The pledge of new cash means that all IFAs who have already applied for the 2004 levy will effectively receive an additional 50 per cent from Pass, the subsidy administrator, by January next year.
Money Marketing revealed in October that product providers were split over making more money available to the subsidy, having already pledged 3m to it this year.
This 3m represented just 15 per cent of the levy for investment firms, down from 85 per cent in previous years, and caused huge problems for IFAs struggling with an increase in the subsidy because of a rise in endowment complaints.
Pass says it required over 50 per cent of its 20 provider members to vote for an increase in the subsidy and it achieved this result on Monday. All Pass members will contribute to the increase but not in equal amounts.
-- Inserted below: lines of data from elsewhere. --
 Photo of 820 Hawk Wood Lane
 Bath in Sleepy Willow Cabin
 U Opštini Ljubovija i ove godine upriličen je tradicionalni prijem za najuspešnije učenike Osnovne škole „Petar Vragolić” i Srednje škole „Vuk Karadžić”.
Pass chairman Peter Hales says: “IFAs have faced a significant hike in their FSCS levy this year. Providers have decided, in view of this financial challenge, on a one-off extension of support in recognition of the difficulties faced by the minority.”
Aifa director of policy Fay Goddard says: “We are very pleased that providers have reconsidered the situation and have come forward with further funds. We will be continuing
with negotiations to see if we can keep the subsidy going next year.”
Pearson Jones director Nick Conyers says: “This is not really going to make a huge difference but it is better than nothing and is very welcome.”